The finale was perfect – right down to the last, minute detail. All HBO’s screenwriters and Sky’s producers could not have written a dirtier crime, a more surprising villain, or a faster fall from grace. Nor could the scene before the fall have been more perfectly set, a TV double act painted in the softest colours, hardened in our minds over twenty years, each line oozing happy mornings and gentle edges. And nor could the dominoes have been knocked by a more perfect British faux pas than skipping the queue at the Queen’s funeral.

The story – Phillip met a teenage boy. That boy became a runner on his show and, once the boy was twenty, Phillip claims, their affair began. On Thursday nights they would have ‘playtime,’ going out and coming back together, the boy – man – arriving early at ITV studios the next day in a taxi from Phillip’s apartment. Some years later, the affair went sour and, at the National Television Awards in 2019, the man had a few drinks and spoke to several ITV stars of his loneliness and worries. ITV had him moved from This Morning to Loose Women. Soon before that point, the affair had ended and so, as rumours grew, in early 2020, Phillip came out as gay in an effort to seize the narrative.
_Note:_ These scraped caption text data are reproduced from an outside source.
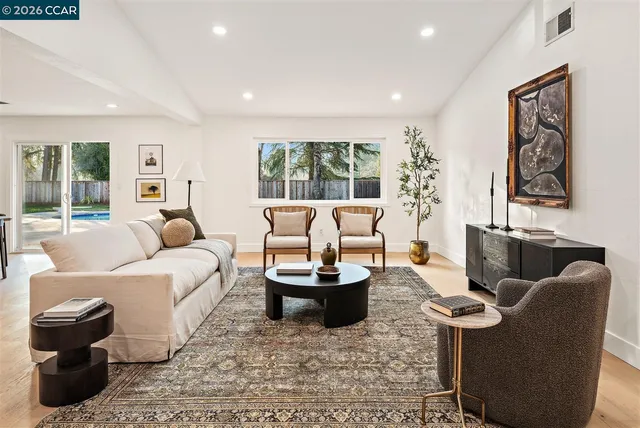 $1,995,000 | 209 Farm Hill Court, Danville, CA 94526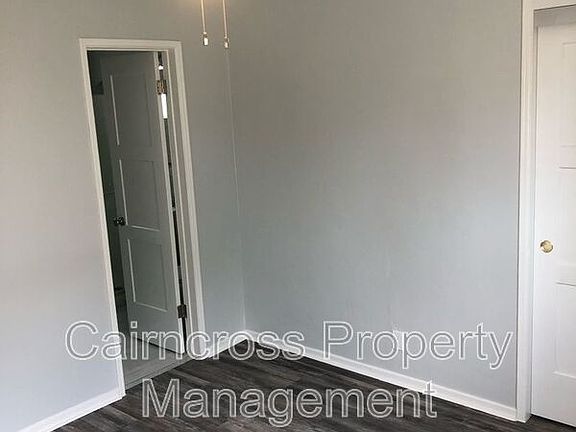4th image of 869 Emerald St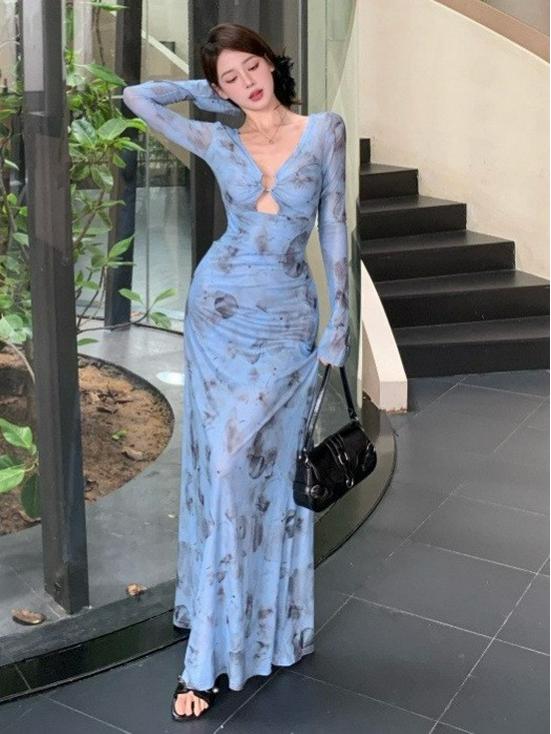 

Elegant Royal Blue Floral V-Neck Slimming Hip-Hugging Dress - New Autumn Arrival Medium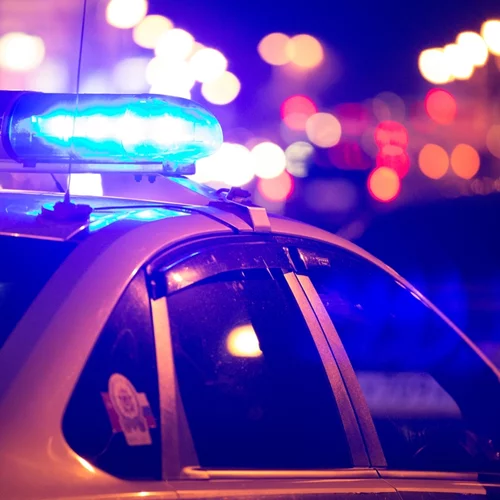 Άφησαν βρέφος μέσα στο αυτοκίνητο και πήγαν για ψώνια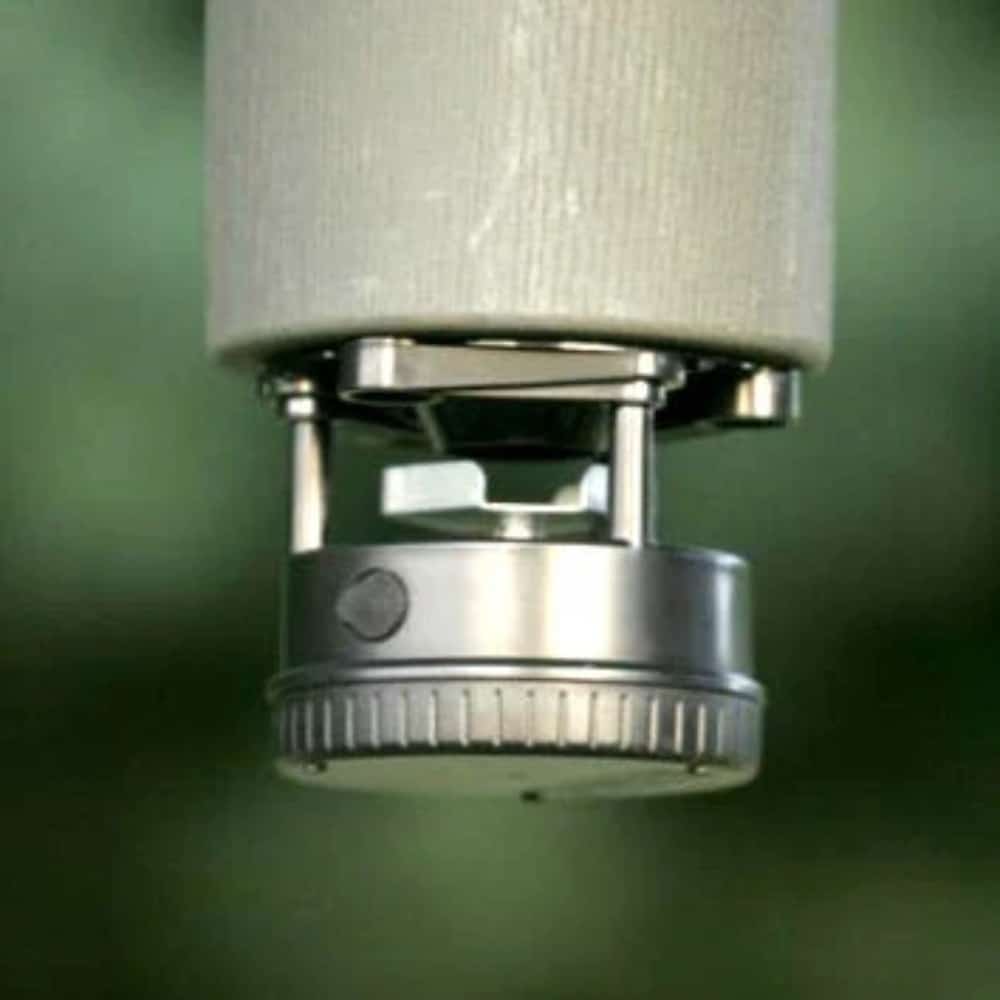 Capsule Outpost 20-lb Portable Motorized Game Feeder.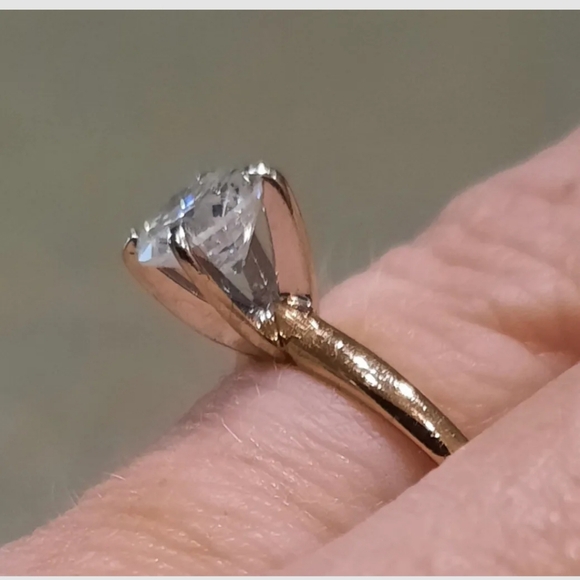 14k yellow gold 1.05ct round diamond set in 4 prong white gold  solitaire ring - Picture 5 of 16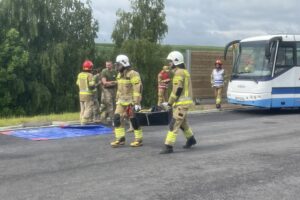 Kilkadziesiąt osób rannych na obwodnicy Opatowa - Radio Kielce 03.06.2025. Opatów, Ćwiczenia służb ratunkowych na obwodnicy Opatowa / Fot. Anna Głąb - Radio Kielce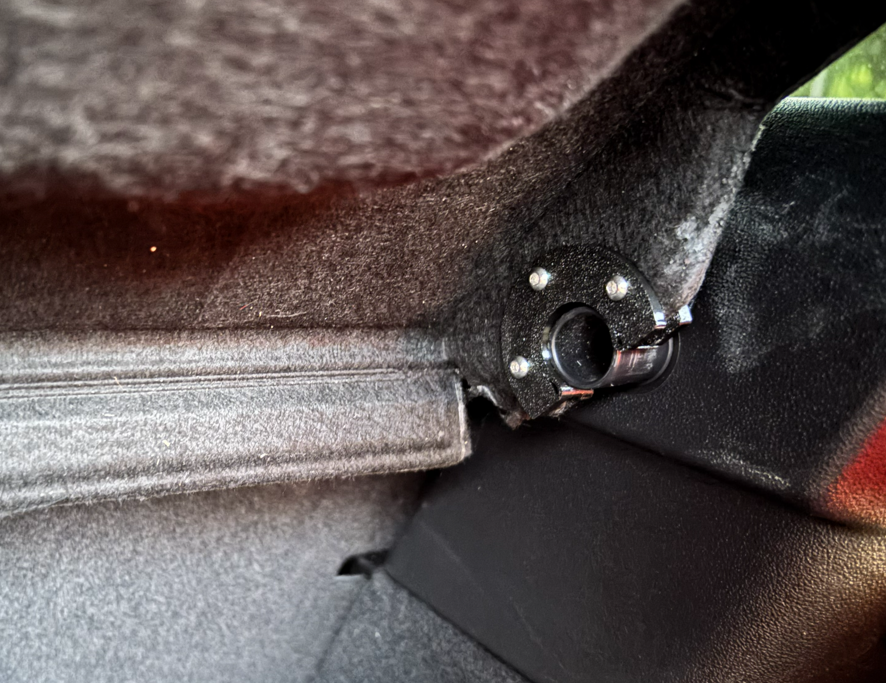 Audi Q4 e-tron parcel shelf hinge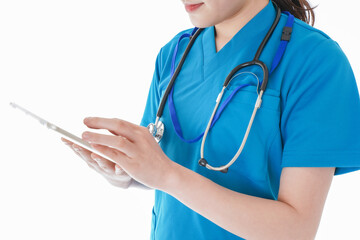 笑顔の若い女性看護師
Around this time, Holly began to distance herself from him. She split from his management company; they stopped holidaying together. Rumours grew further after queue-gate in 2022. His colleagues began to whisper around ITV towers, dripping stories of Phillip’s dirty business, but also of his high-handedness, his distance from crew members, and his two-faced approach in dealing with guests on and off-air. It seems that none of them liked him. Without Holly’s backing, the drips became a stream, which became a river, which burst its banks last week.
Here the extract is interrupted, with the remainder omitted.